Enclosure, Clifden, Co. Clare
Co. Clare |
Enclosures
On the southern edge of a plateau in County Clare, surrounded by coniferous plantations and rough pasture, there is an enclosure that barely announces itself above ground.
From aerial imagery taken in 1995 it reads as a roughly rectangular form in the corner of a field, about 26 metres by 23 metres. Walk the ground and the picture shifts slightly: the shape resolves into something more D-shaped, its eastern side defined by a low bank just 30 centimetres high on the outside, its southern boundary trailing off into a scarcely perceptible scarp. Encircling the whole thing is a fosse, a shallow ditch, now overgrown with rushes and reeds, running between two and a half and nearly three metres wide.
Enclosures of this general type are scattered across the Irish landscape, some associated with early medieval settlement, others with later agricultural or pastoral use.
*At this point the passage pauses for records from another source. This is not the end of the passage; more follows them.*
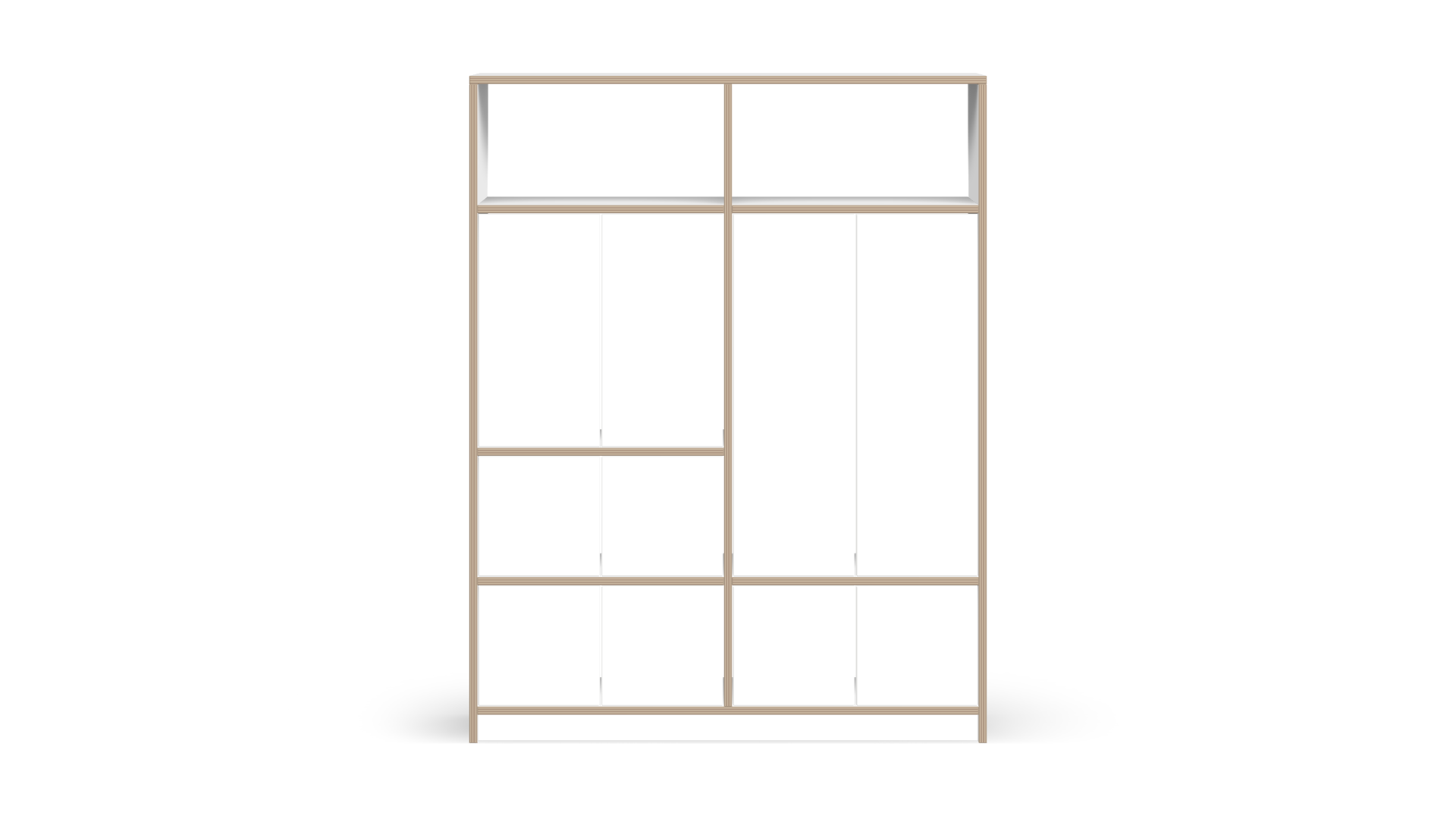 Shelf unit with doors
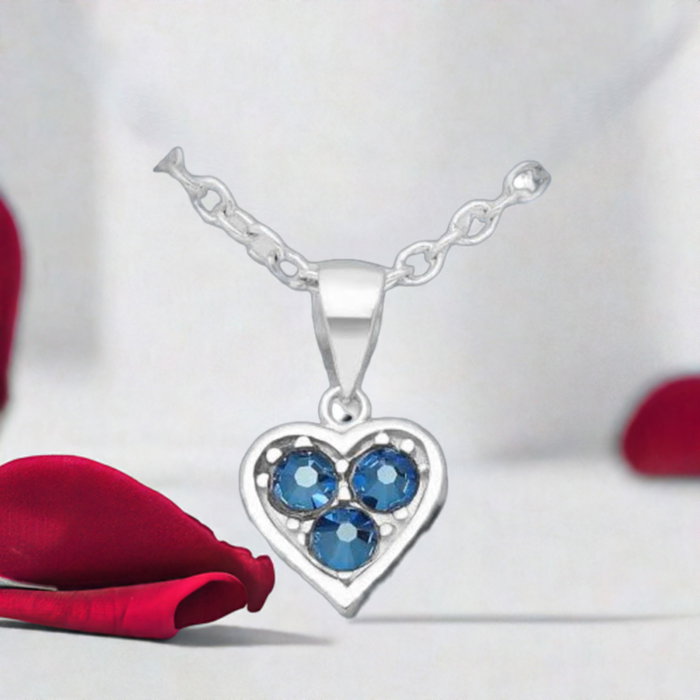 Colier Inima din argint Sterling 925 cu cristale austriece [8]
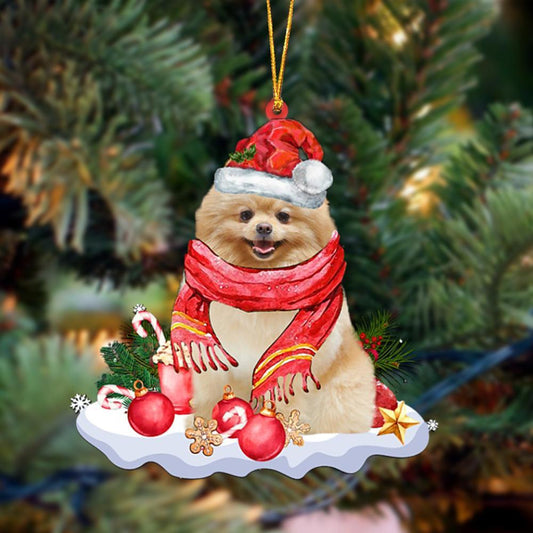 Pomeranian 2-Better Christmas Hanging Ornament - Best gifts your whole family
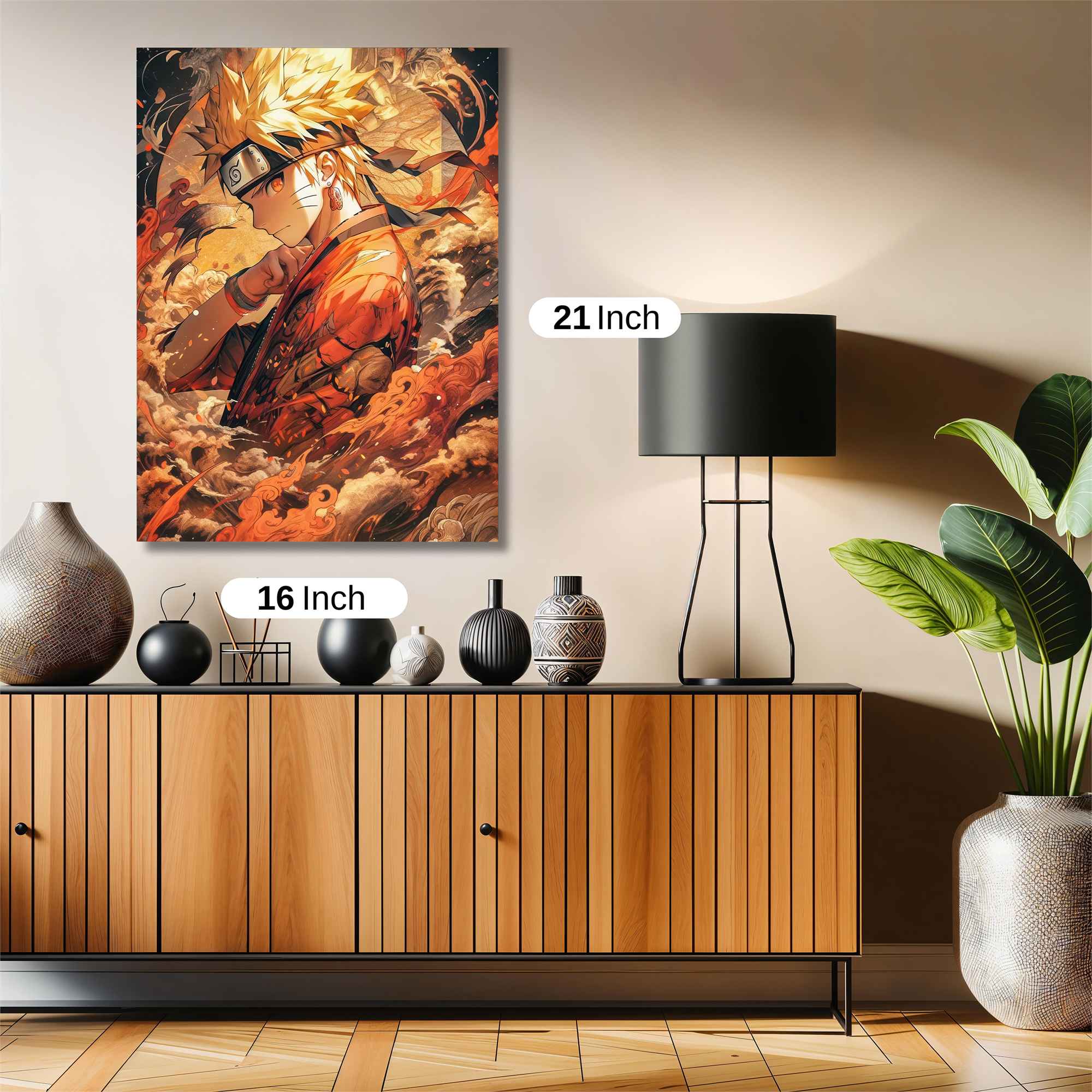 Naruto Fiery Safe Wall Magnetic / M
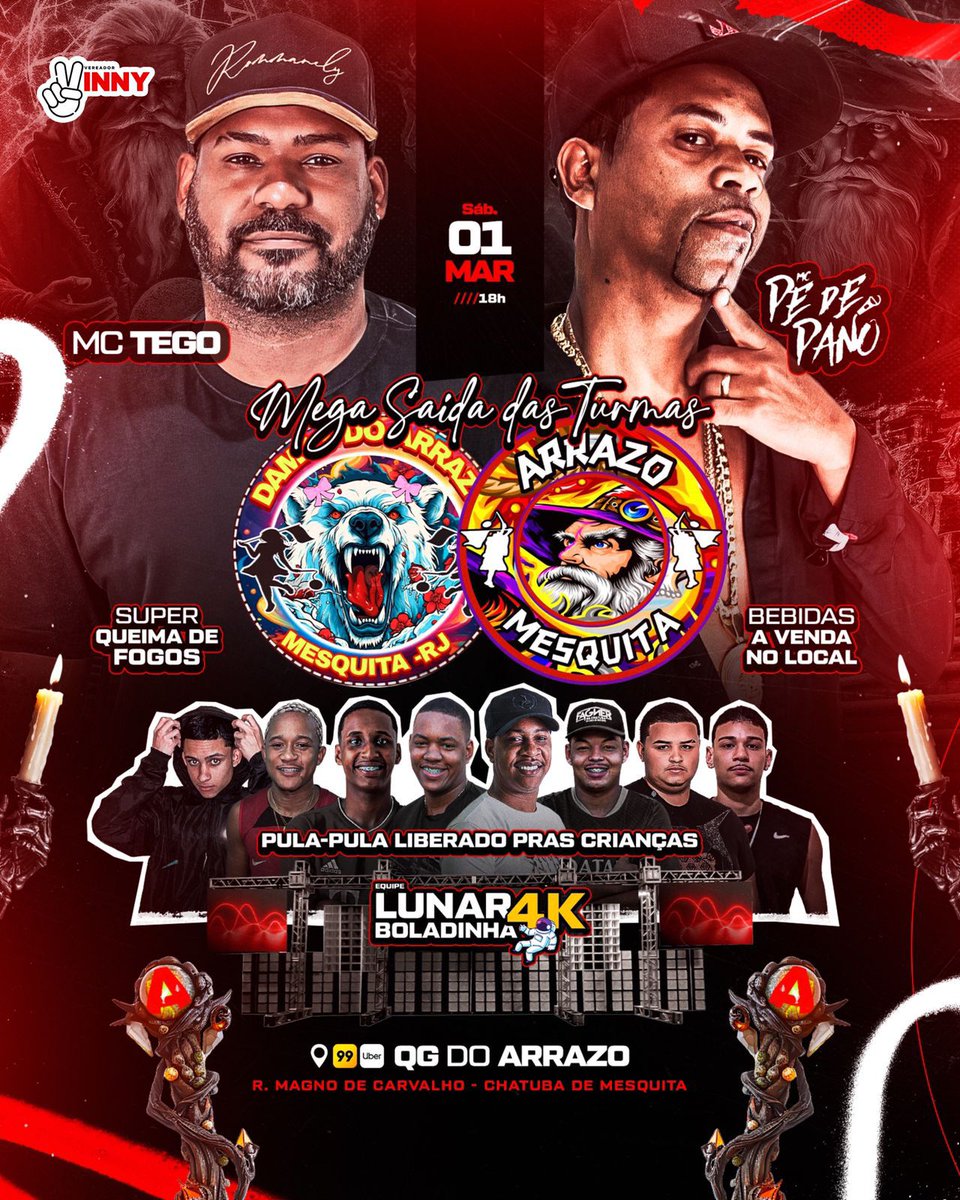 Preparados? 

Aguardamos vcs pra essa festa!!! 

Terro tem nome ARRAZO de MESQUITA! 🅰️🎭🎌
<a href="/damasdoarrazo/">Damas do Arrazo 🎌</a>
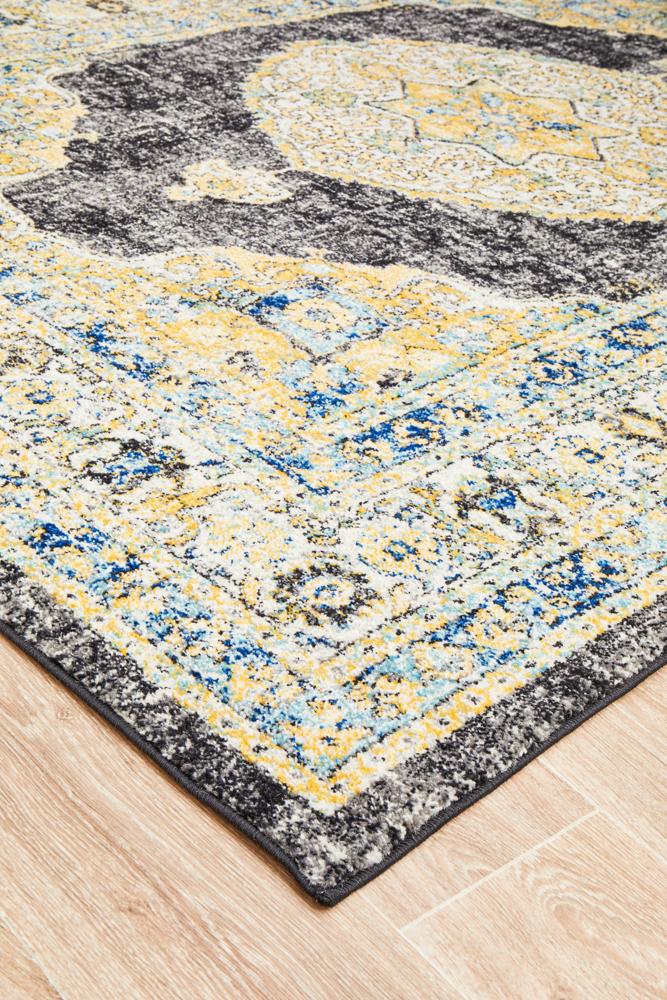 Rhythmic Sweet Charcoal Rug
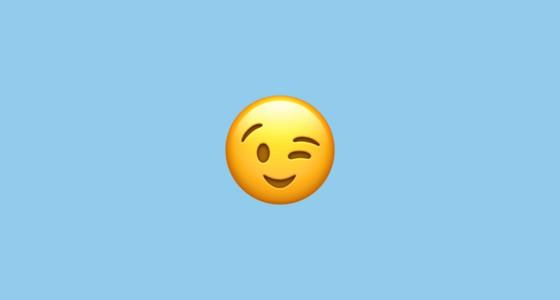 When do you send the winking emoji?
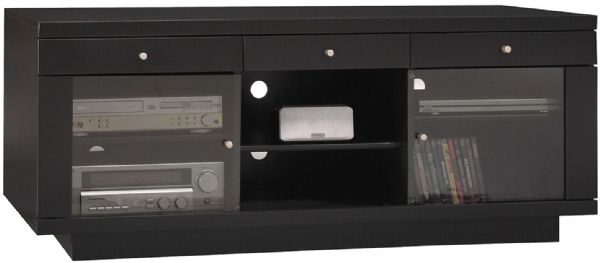 Bush VS13988-03 Flat Panel and Plasma TV Stand, Riverwood Collection, Satin Black Finish, Accommodates most 36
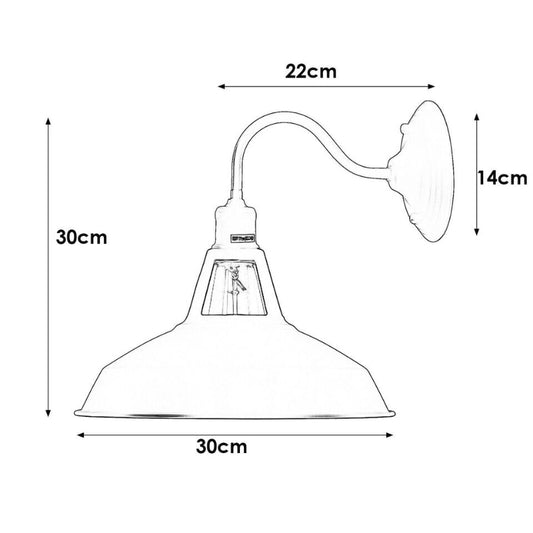 Weiße Wandlampe Retro für Schlafzimmer und Flur
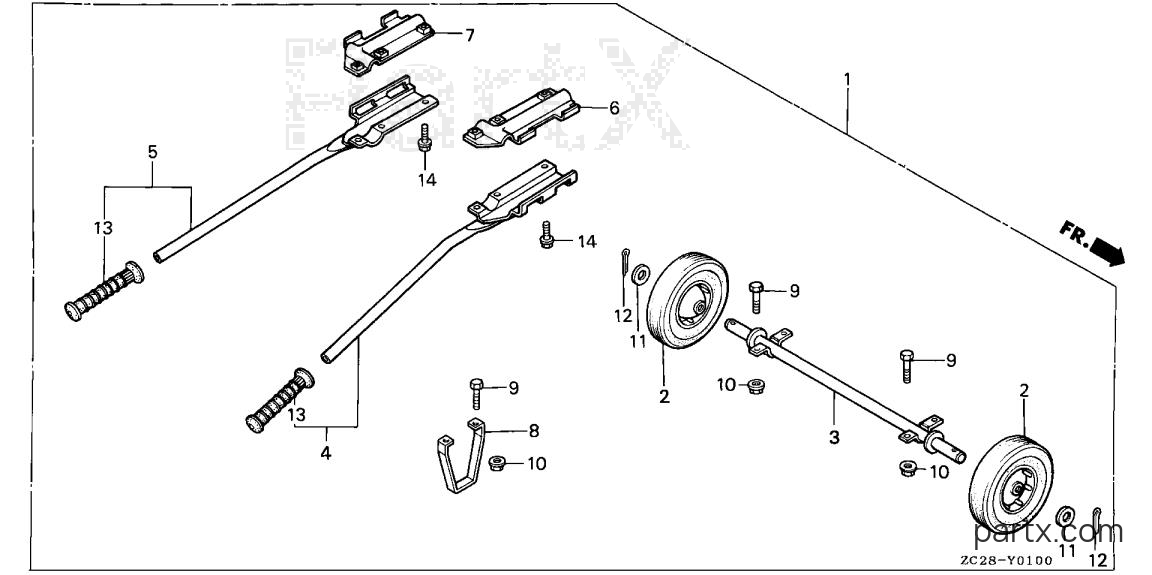 Honda EW171 AR - WHEELS (2-WHEEL)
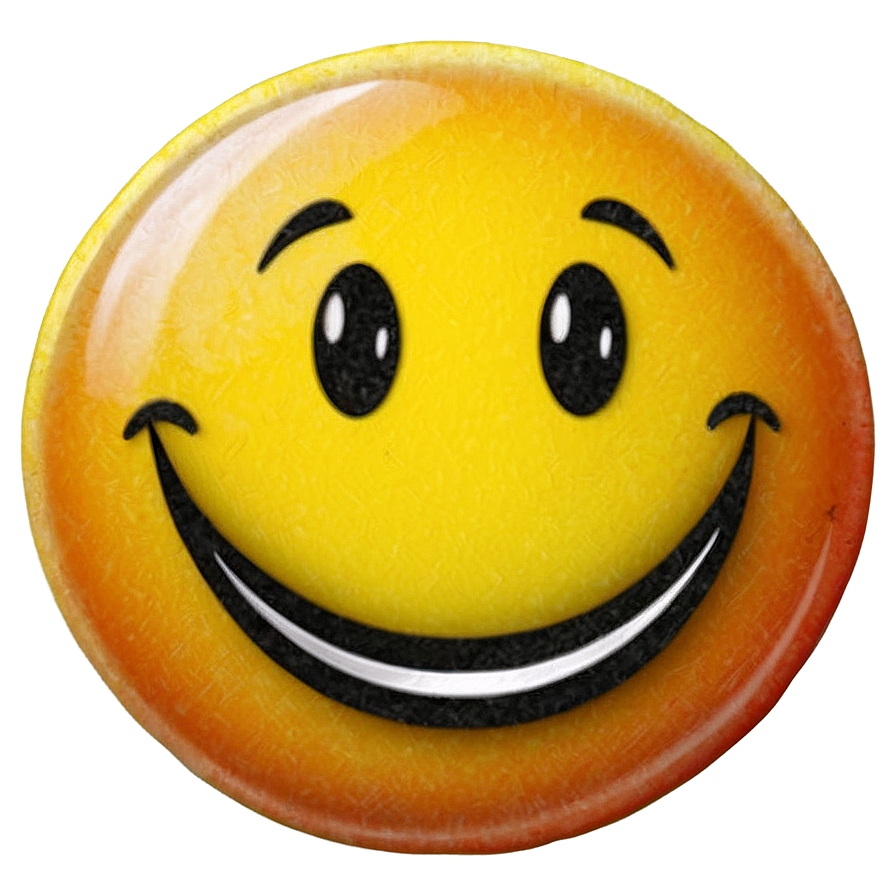 Emoji With Smiling Eyes Png Aos PNG Image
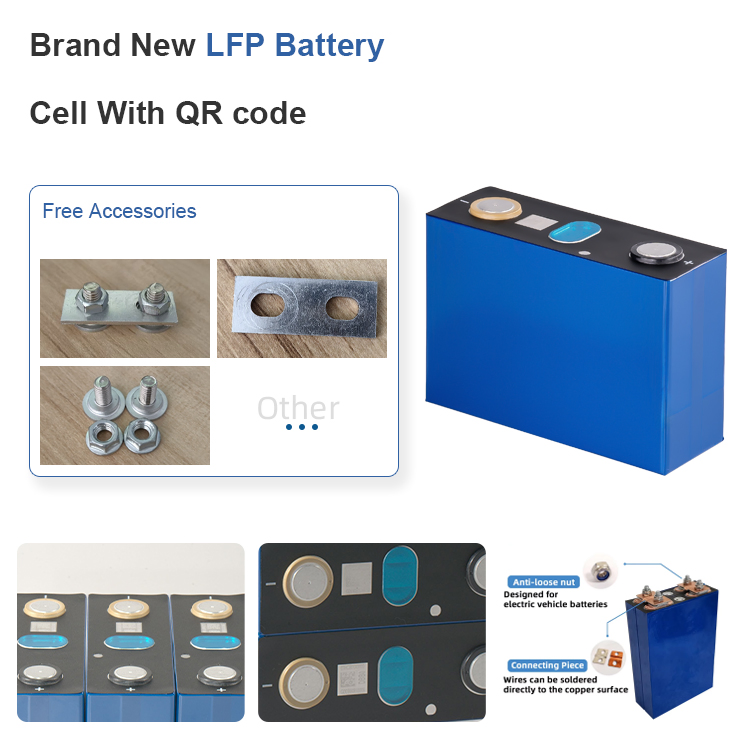 Lithium Ion Rechargeable Battery 3.2V 87ah Lithium Ion Phosphate Battery LiFePO4 Cell for Power Energy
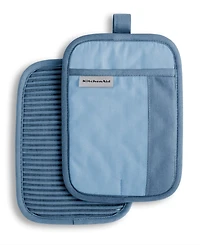 KitchenAid Beacon Two-Tone Pot Holder 2-Pack Set, 7" x 10"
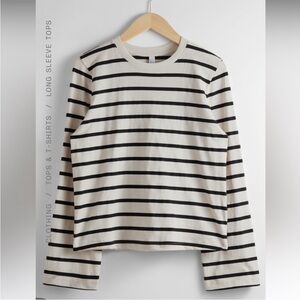 & Other Stories Striped Jersey Long Sleeve Top
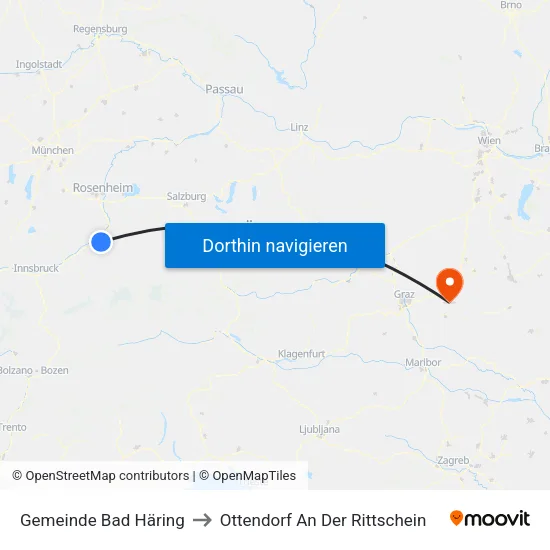 Gemeinde Bad Häring to Ottendorf An Der Rittschein map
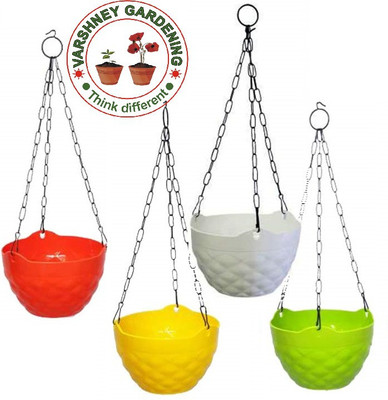 Varshney Gardening Multicolored Plant Container Set Plant Container Set(Pack of 4, Plastic)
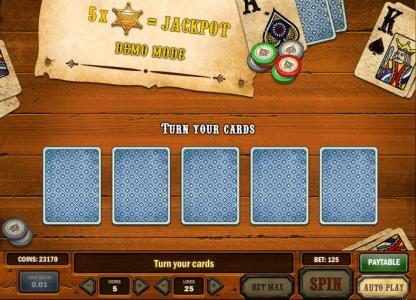 turn your cards bonus feature game board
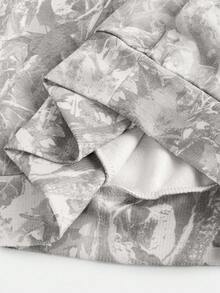 Tween Girl Fashionable Printed Hoodie Sweatshirt & Straight Leg Thermal Lined Pants 2 Pieces Set Kids Y2k Clothes Sweat Sets Tweens Comfy - Multicolor - View 8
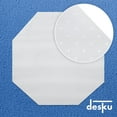 thumbnail image 6 of DESKU - Octagon Gaming Chair Mat, Computer and Office Chair Mat for Carpet, Clear, 46 Inches x 49 Inches, 6 of 9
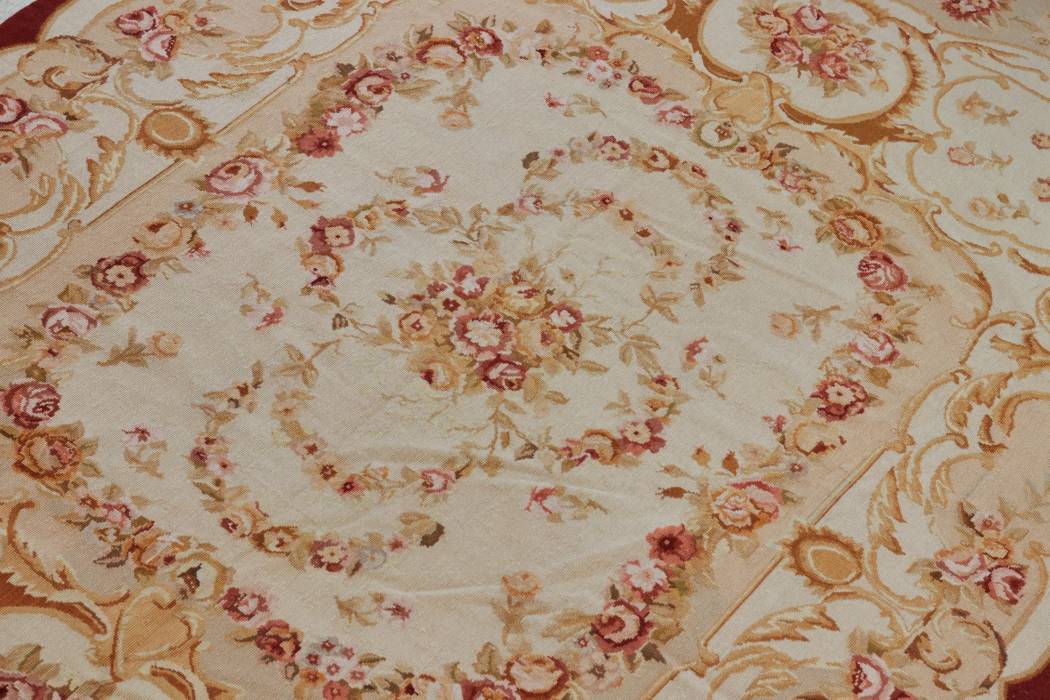 19th century French carpet in Aubusson style.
Without excavation it is rarely possible to say with confidence what purpose a particular example served or when it was constructed. What makes this one quietly interesting is how little remains visible at ground level, the interior height of the eastern bank measuring only a tenth of a metre, yet how clearly the full plan appears when viewed from above. The fosse especially, waterlogged enough to sustain rushes and reeds, preserves the outline in a way that the eroded earthworks alone no longer can. The plantation timber surrounding the site has likely accelerated that erosion while simultaneously protecting the area from more intensive agricultural pressure.